▶ REQUIRED WORK: Given the records underneath, please repeat exactly the lines from the line with "phòng. Ảnh: Zing" through the line with "Velkommen til Kvalvågvegen", passing over any picture.

▶ MATERIALS PROVIDED:
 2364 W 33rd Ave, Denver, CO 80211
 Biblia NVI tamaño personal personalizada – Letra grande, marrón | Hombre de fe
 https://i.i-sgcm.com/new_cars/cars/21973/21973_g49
* * *
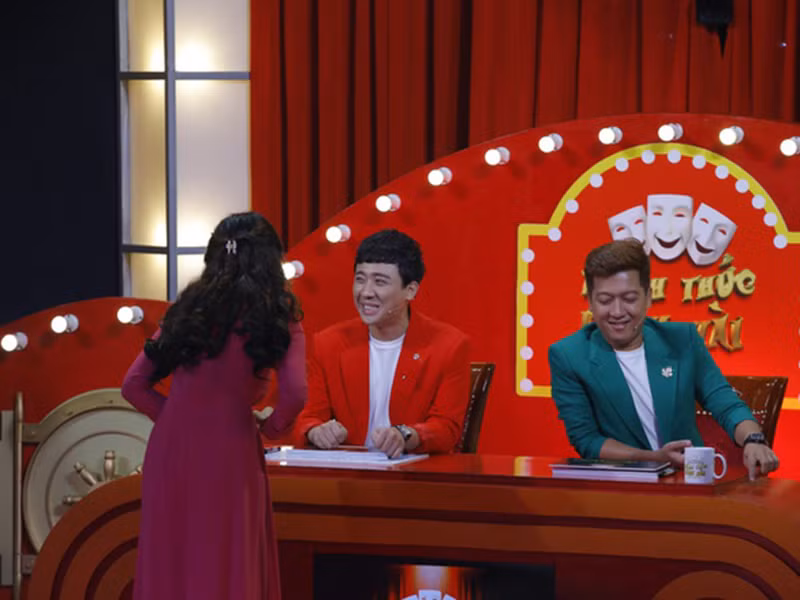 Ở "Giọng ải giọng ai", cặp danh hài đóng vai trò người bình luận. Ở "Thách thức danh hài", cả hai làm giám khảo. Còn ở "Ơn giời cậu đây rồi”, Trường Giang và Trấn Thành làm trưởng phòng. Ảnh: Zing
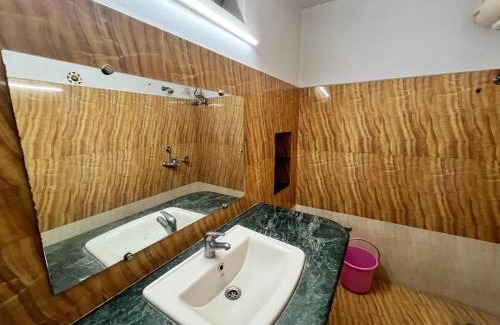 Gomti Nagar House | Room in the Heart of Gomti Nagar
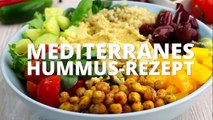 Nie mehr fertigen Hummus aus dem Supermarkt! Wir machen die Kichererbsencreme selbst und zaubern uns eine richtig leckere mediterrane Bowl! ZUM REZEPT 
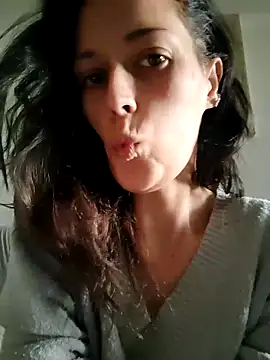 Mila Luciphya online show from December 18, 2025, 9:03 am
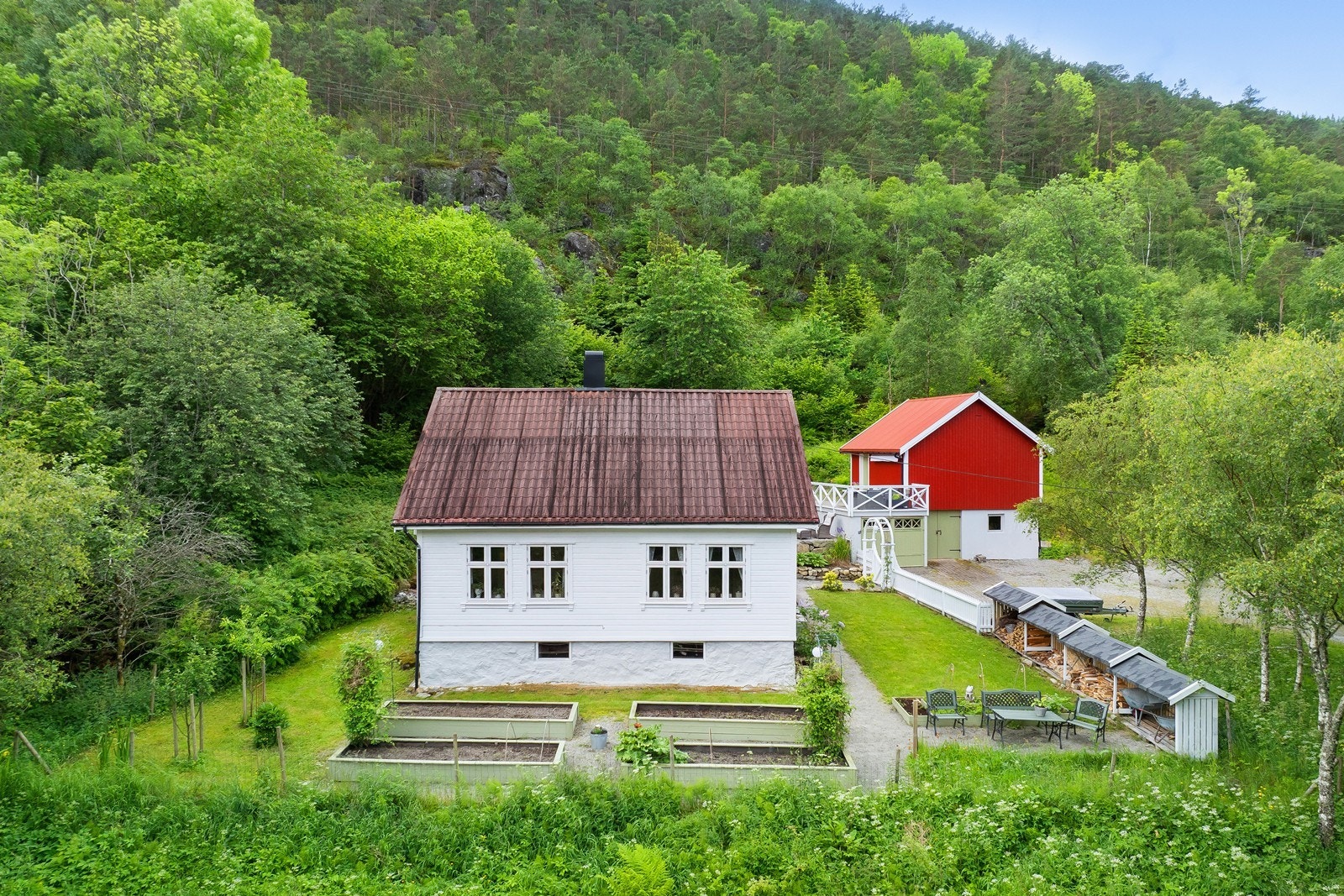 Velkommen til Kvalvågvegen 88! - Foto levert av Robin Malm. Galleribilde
---
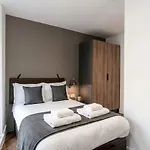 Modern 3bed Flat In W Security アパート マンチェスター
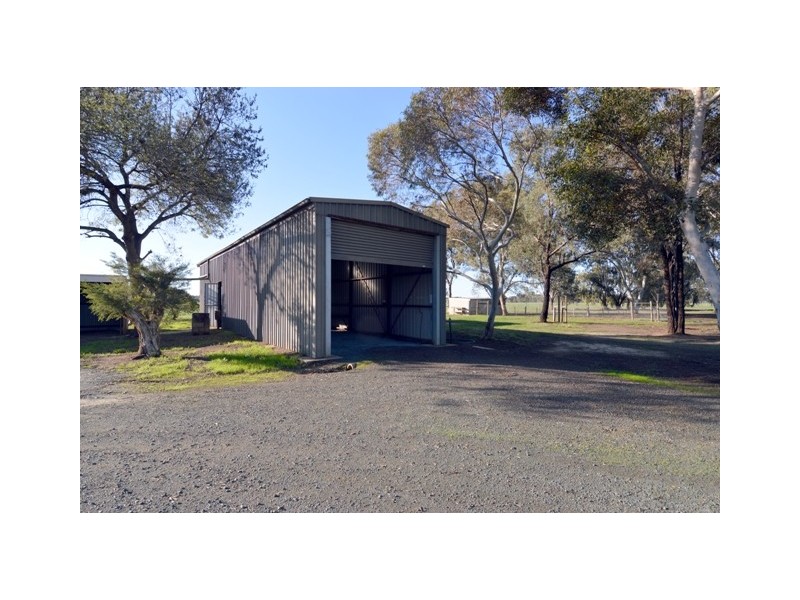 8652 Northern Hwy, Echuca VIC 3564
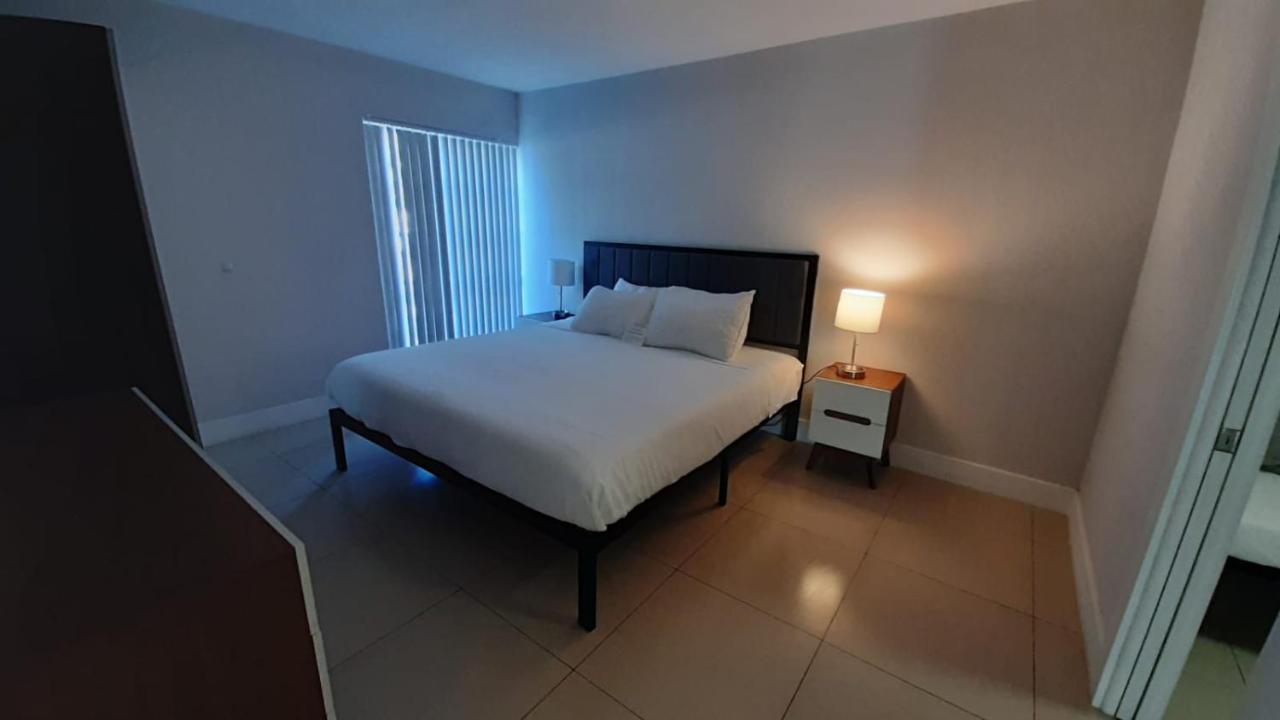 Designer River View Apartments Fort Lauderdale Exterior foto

▶ TASK SOLUTION:
 Ở "Giọng ải giọng ai", cặp danh hài đóng vai trò người bình luận. Ở "Thách thức danh hài", cả hai làm giám khảo. Còn ở "Ơn giời cậu đây rồi”, Trường Giang và Trấn Thành làm trưởng phòng. Ảnh: Zing
 Gomti Nagar House | Room in the Heart of Gomti Nagar
 Nie mehr fertigen Hummus aus dem Supermarkt! Wir machen die Kichererbsencreme selbst und zaubern uns eine richtig leckere mediterrane Bowl! ZUM REZEPT 
 Mila Luciphya online show from December 18, 2025, 9:03 am
 Velkommen til Kvalvågvegen 88! - Foto levert av Robin Malm. Galleribilde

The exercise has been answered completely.